Título: 'Si no me quieren, me voy', diz Eike
Autor: Cláudia Schüffner
Fonte: Valor Econômico, 25/04/2006, Especial, p. A16

Caso persistam as ameaças do presidente da Bolívia, Evo Morales, contra o projeto siderúrgico da EBX, o empresário brasileiro Eike Batista, controlador da empresa, deve anunciar o cancelamento dos investimentos de US$ 330 milhões no país vizinho. Ontem, Batista disse ao Valor que prometeu a prefeitos e líderes comunitários de Puerto Suárez, Puerto Quijarro e Germán Busch, esperar até sexta-feira, dia 28, para anunciar uma decisão definitiva. Mas uma frase mostrava seu estado de ânimo: "Si no me quieren, yo me voy. Me voy para casa ", disse em espanhol. Nelson Perez/Valor Dissabores na Bolívia: o empresário Eike Batista, cuja empresa EBX entrou em choque com o governo de Evo Morales

Depois, em português, explicou um tanto desanimado: "Estou respeitando esse prazo como costumamos respeitar tudo. Já mandamos todos os documentos para o governo atual, estamos dispostos a mostrar tudo na maior transparência. E, se a decisão até sexta for essa, que assim seja. Somos muito grandes para entrar pela porta de trás de um país, como foi dito várias vezes. Isso é uma brincadeira".
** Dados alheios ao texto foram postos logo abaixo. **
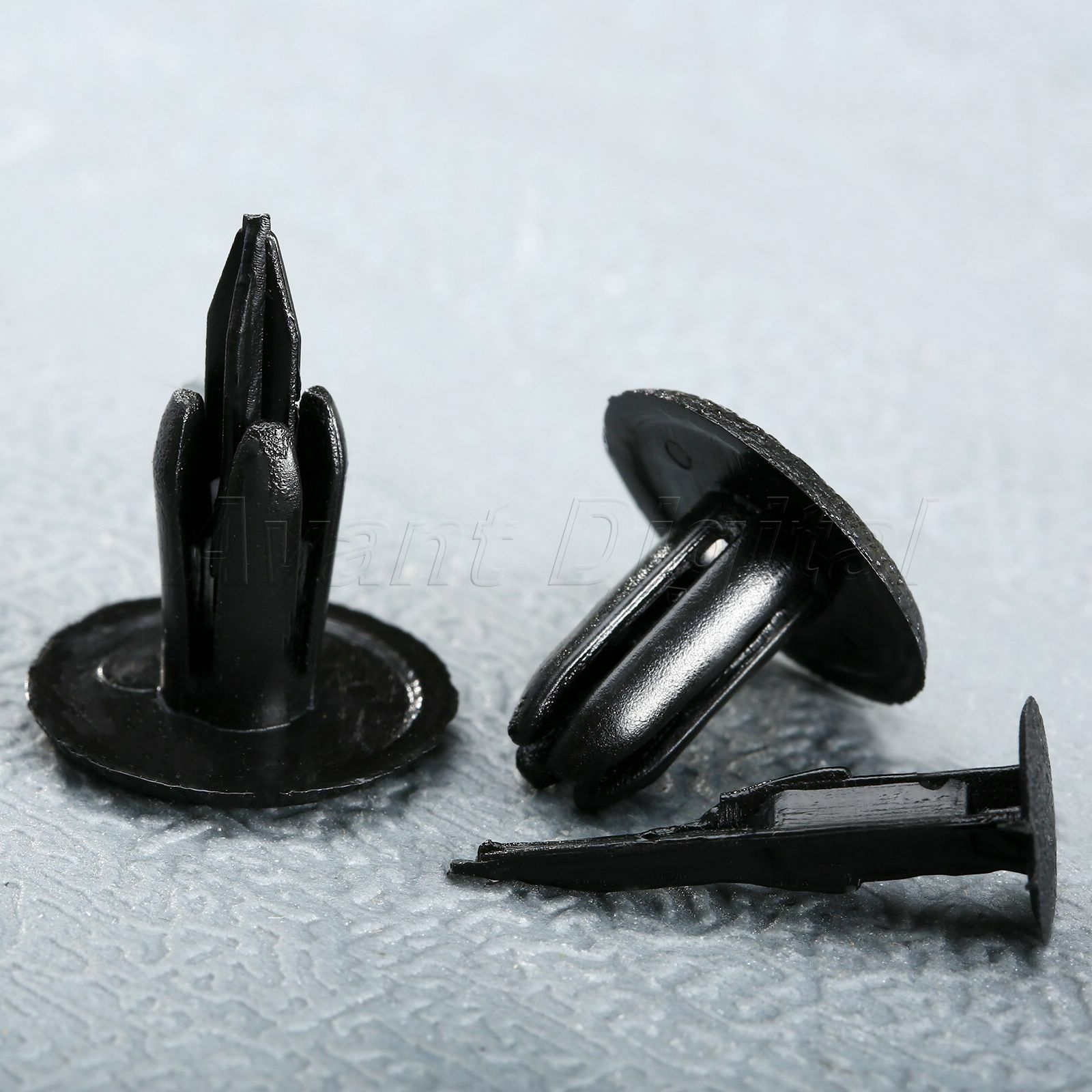 50 Trunk Ceiling Panel Fastener Clips 6.3mm Plastic Rivet Style for Suzuki Mazda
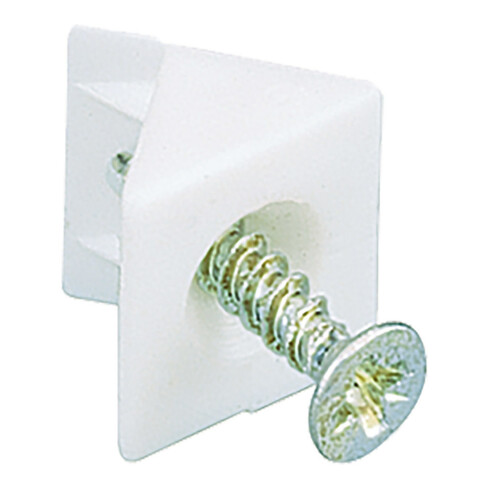 Hettich Connecteur de paroi arrière RV8, 79438 plastique blanc, non traité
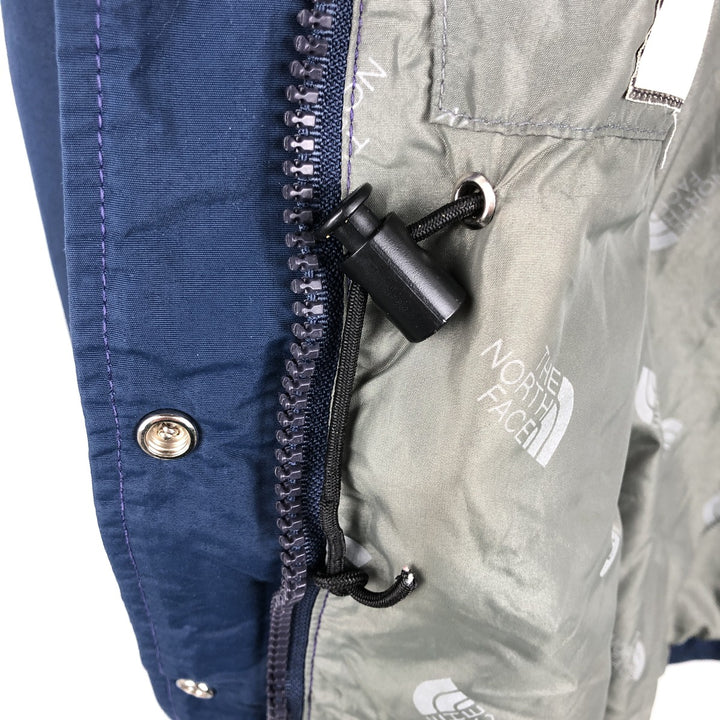 1990'S The North Face Mountain Jacket Shell Jacket Made in USA Women's Size M (approx.) Vintage Nylon navy blue type Vintage Second Hand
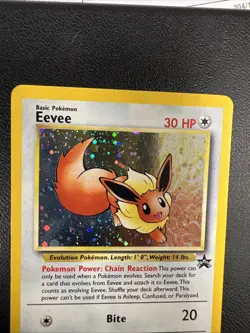 Eevee #11 Promo Black Star Vintage Pokemon Card WOTC Lp - Image 5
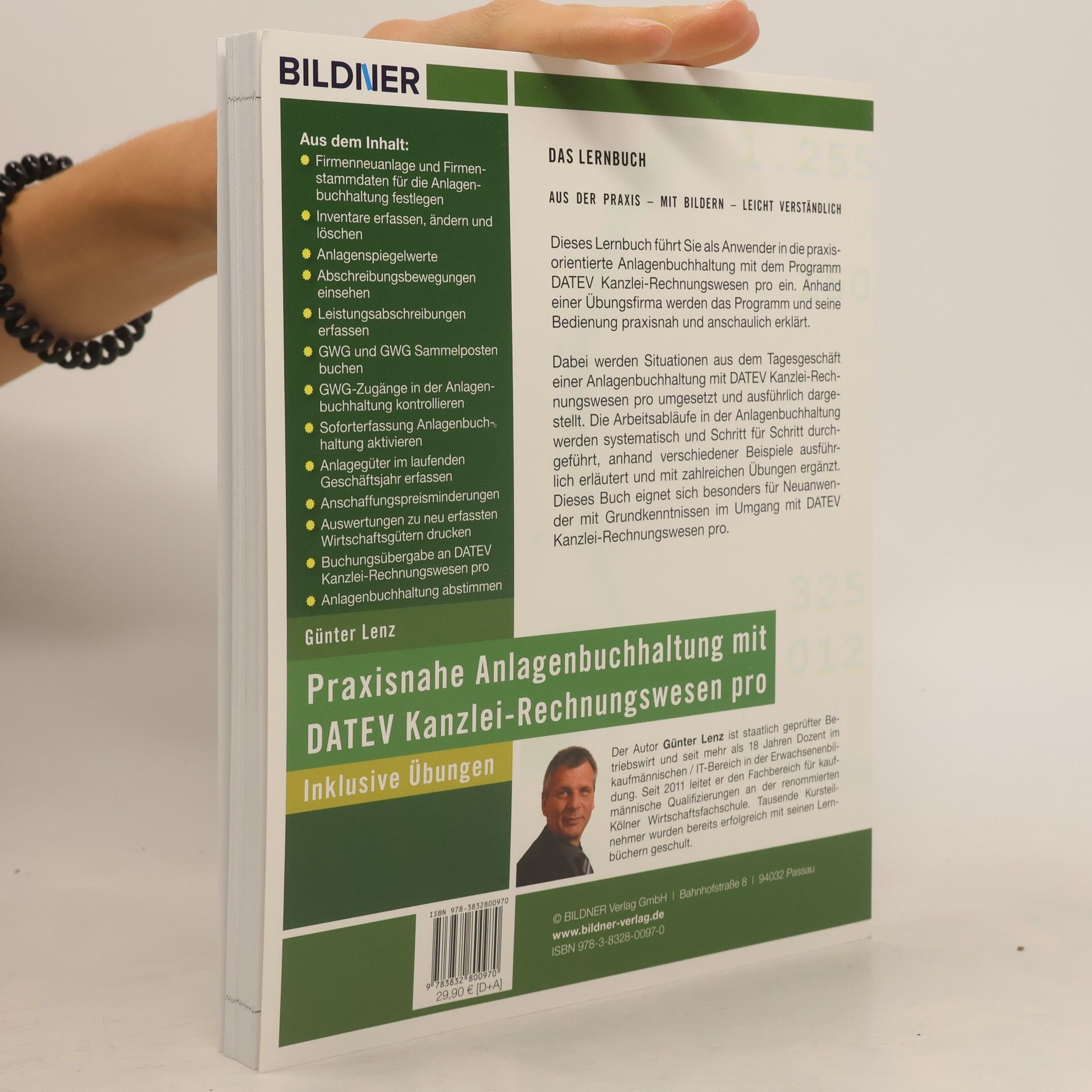 Günter Lenz Praxisnahe Anlagenbuchhaltung mit DATEV Kanzlei-Rechnungswesen Version 2014
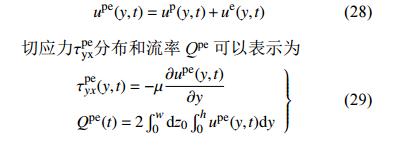 力–电协同驱动流模型的建立3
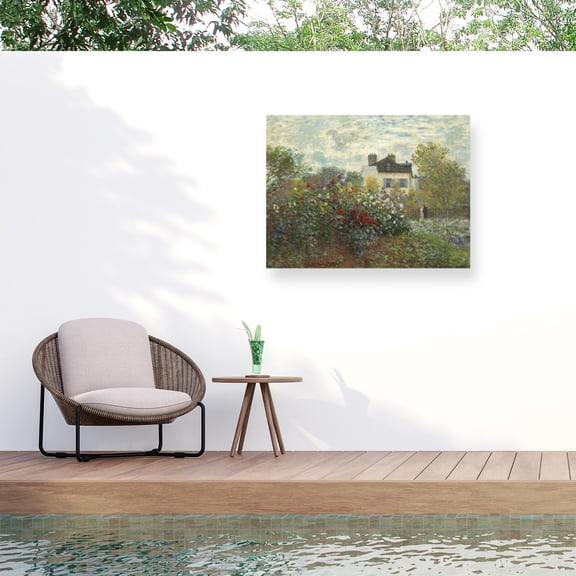 Claude Monet 's Garden In Argenteuil' Outdoor All-Weather Wall Decor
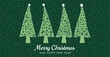 Merry Christmas Karte Weihnachtsbaum in grüner Leder-Optik, Leoparden oder Schlangen-Muster, abstrakte Kunst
Batista calcula que a desistência de construir um pólo de ferro-gusa na Bolívia significará uma perda entre US$ 15 milhões e US$ 20 milhões para a EBX holding, equivalente a cerca de 3% do patrimônio da empresa, segundo o empresário. O montante se refere aos gastos já realizados com obras civis e para desmontar o material. A perda só não será maior porque o forno já instalado poderá ser retirado, sendo reinstalado em Corumbá. A previsão anterior é que o segundo seria instalado em junho, e outros dois em setembro e dezembro.

Se o empresário efetivamente desistir do projeto - ou for expulso pelas autoridades bolivianos -, a Bolívia perde a oportunidade de gerar 6 mil empregos, uma siderúrgica de US$ 148 milhões e uma aciaria de US$ 180 milhões. Além desses investimentos, a EBX também planejava comprar 100 mil hectares de florestas com certificado para virar fronteira agrícola.
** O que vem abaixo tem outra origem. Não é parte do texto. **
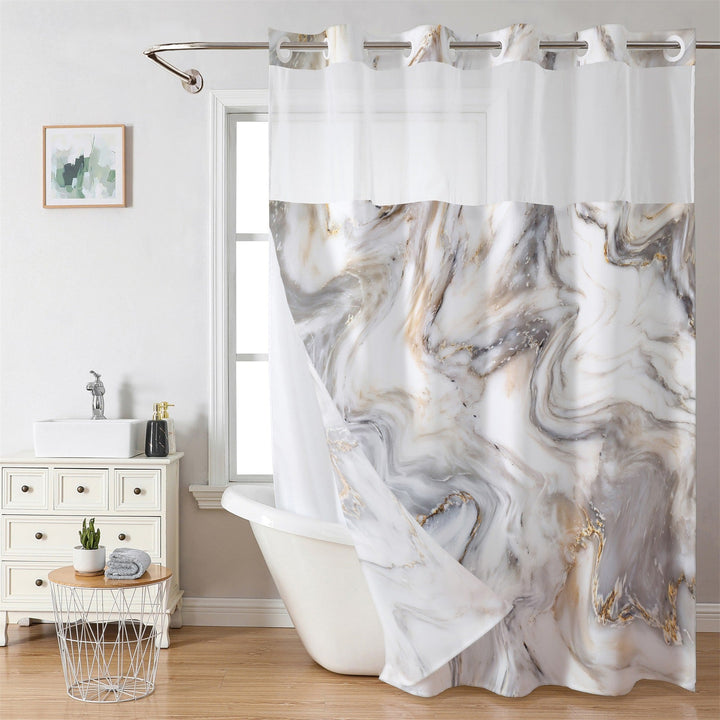 Marble-Design Shower Curtain Kalsten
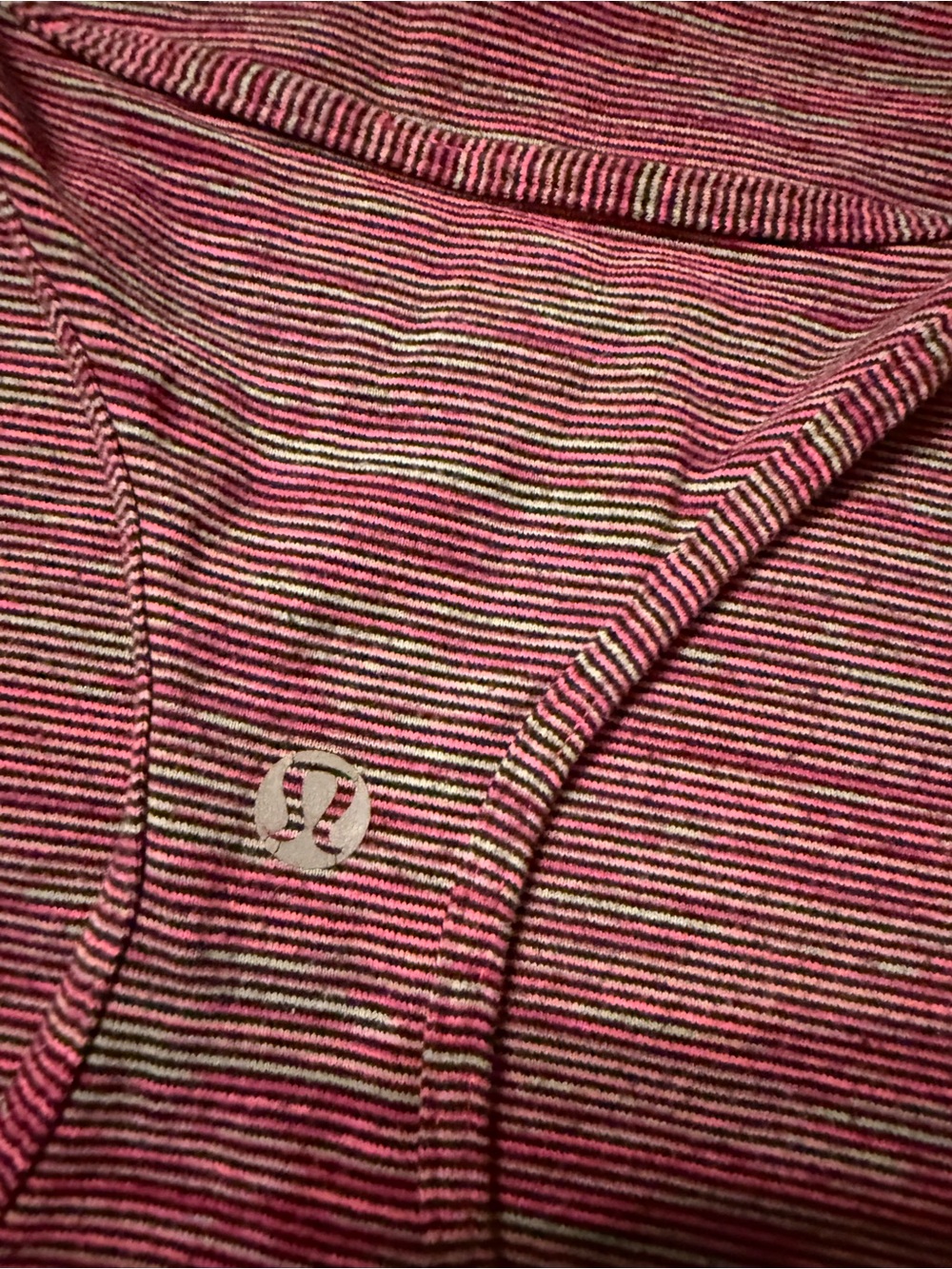 Lululemon Pink Striped Athletic Tank Top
"Queríamos colocar a Bolívia no mapa siderúrgico mundial", diz Batista. "No entanto, estou pagando 500 anos de trauma contra empresários que exploraram o país nesse período e virei um bode-expiatório. É uma coisa surrealista."

O projeto da siderúrgica previa a construção de uma usina que usaria minério de ferro importado da mina 63, propriedade da MPX no Mato Grosso do Sul, com reservas de 80 milhões de toneladas, para fabricação inicialmente de ferro-gusa e, depois, ferro-esponja na Bolívia. Como combustíveis seriam usados coque importado da Colômbia, gás natural da Bolívia e 800 mil toneladas/ano de carvão vegetal. A EBX tem contrato para comprar 340 mil metros cúbicos de gás com a Petrobras Bolívia para suprir o consumo inicial.
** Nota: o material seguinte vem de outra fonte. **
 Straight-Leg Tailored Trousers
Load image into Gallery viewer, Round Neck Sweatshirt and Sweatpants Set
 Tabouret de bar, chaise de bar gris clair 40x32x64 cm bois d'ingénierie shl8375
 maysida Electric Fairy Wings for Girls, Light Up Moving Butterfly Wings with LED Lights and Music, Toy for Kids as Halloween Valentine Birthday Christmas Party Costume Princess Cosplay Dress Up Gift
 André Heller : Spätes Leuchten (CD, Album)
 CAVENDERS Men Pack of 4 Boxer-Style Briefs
A produção inicial prevista é de 800 mil toneladas por ano de ferro-gusa, totalmente destinado voltado à exportação; e uma aciaria com capacidade de produzir 400 mil toneladas de aço na fronteira.

Como a Bolívia consome apenas 180 mil toneladas anuais de aço, o excedente de 220 mil toneladas seria exportado, o que, pelos cálculos de Batista, iria gerar US$ 400 milhões em divisas para o país vizinho. Agora, ele diz que vai tocar os investimentos anteriormente previstos no lado brasileiro.

"Não podendo fazer lá, faço do lado de cá. A única mudança é que meu forno não vai usar gás e, por isso, meu custo será maior", explicou Batista, frisando que no momento todos os custos do projeto estão em revisão. Outros projetos que podem ser cancelados no rastro da decisão boliviana são as duas térmicas do Pantanal, que seriam construídas na Bolívia e no Brasil. Como a sua holding MMX está no início de uma oferta pública inicial, Batista faz questão de frisar que todos os ativos dessa companhia estão no Brasil e não têm relação com a crise da Bolívia.

A Bolívia acusa a EBX de uma série de irregularidades na sua localização e na licença ambiental. "Não posso crer que o embaixador do Brasil, o presidente Lula e algumas instâncias do país possam defender empresas que não respeitam as leis bolivianas", disse o presidente Morales, em entrevista ao programa Roda Viva, que seria exibida na noite de ontem.